Things have improved over the last 25 years, in part thanks to Medical Students for Choice (MSFC), a nonprofit founded in 1993 that advocates for better clinical exposure to abortion and reproductive health care for medical students. The organization now has more than 220 chapters in 23 countries. MSFC and programs like the Ryan Residency, which helps establish family planning curricula for OB/GYN residencies, have helped make abortion training more accessible. There's also the University of California, San Francisco's Fellowship in Family Planning, which provides two years of specialized training in abortion and contraception after a physician completes their residency. (Boos just finished the fellowship.) Some states also allow nurse practitioners, physician assistants, and certified nurse midwives to provide abortions, though many only allow them to provide medication abortions.

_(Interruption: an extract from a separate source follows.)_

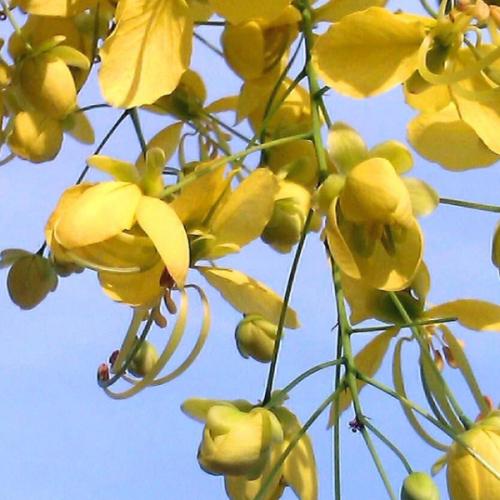 สมาชิกหมายเลข 8759771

Though access to training has improved for medical students, Lois Backus, the executive director of MSFC, says that students at certain schools often have to be "stealthy" in seeking it out. She describes the medical education institution as "slow to change and resistant to controversy." She says students who are overt in their advocacy for better training or support for local abortion providers can face consequences. MSFC has had members who weren't placed in a residency program "because their deans described them as controversial people or people who didn't toe the line and play well with others," Backus says. "It's really important for a medical student within this larger conservative culture to be very cognizant of the damage [seeking out abortion training] can do to their futures."

Providing abortion services is unfortunately very different than practicing any other kind of medicine.

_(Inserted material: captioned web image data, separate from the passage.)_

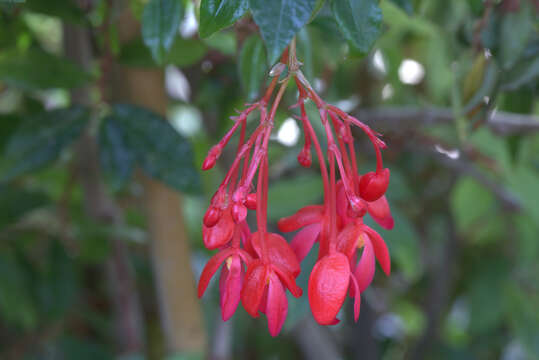 Image of fuchsia begonia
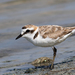 Kentish Plover - Photo (c) djhird, some rights reserved (CC BY-NC)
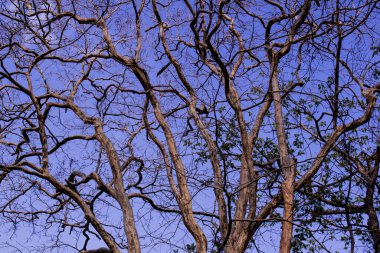 Ağaçlar kışın yapraksız dallanır. Genellikle yapraklar döküldükten sonra bir ağacın en baskın özelliğidir..
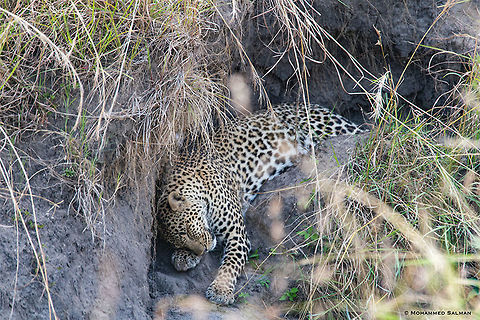 African leopard || Maasai Mara || Aug 2017
https://www.facebook.com/MohammedSalmanPics/
 African Leopard,Panthera pardus pardus
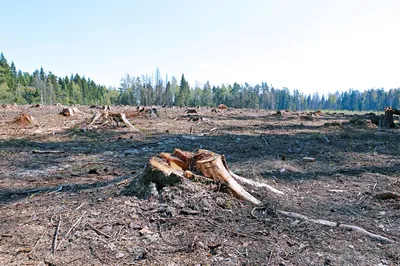 Вырубки, угрозы и поджоги. Циничное уничтожение сибирского леса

Once physicians have completed their residencies and any other training, they have to find a job as an abortion provider. The demand for abortion services most often goes unmet in states with more abortion restrictions and fewer providers. Those states are also the ones where physicians could face more harassment or even violence for providing abortions.

None of the providers Bustle spoke to say they are afraid of violence, but all say they think about it often or have taken precautions to protect themselves. Goodrick says that in 2009, after Arizona passed an omnibus measure that included multiple abortion restrictions, more providers disappeared. People started protesting outside of the clinic, so she had to increase security. "It just started to feel more not like a regular office," she says. The clinic has cameras, a secure front door, and a check-in window with glass that's 1-inch thick.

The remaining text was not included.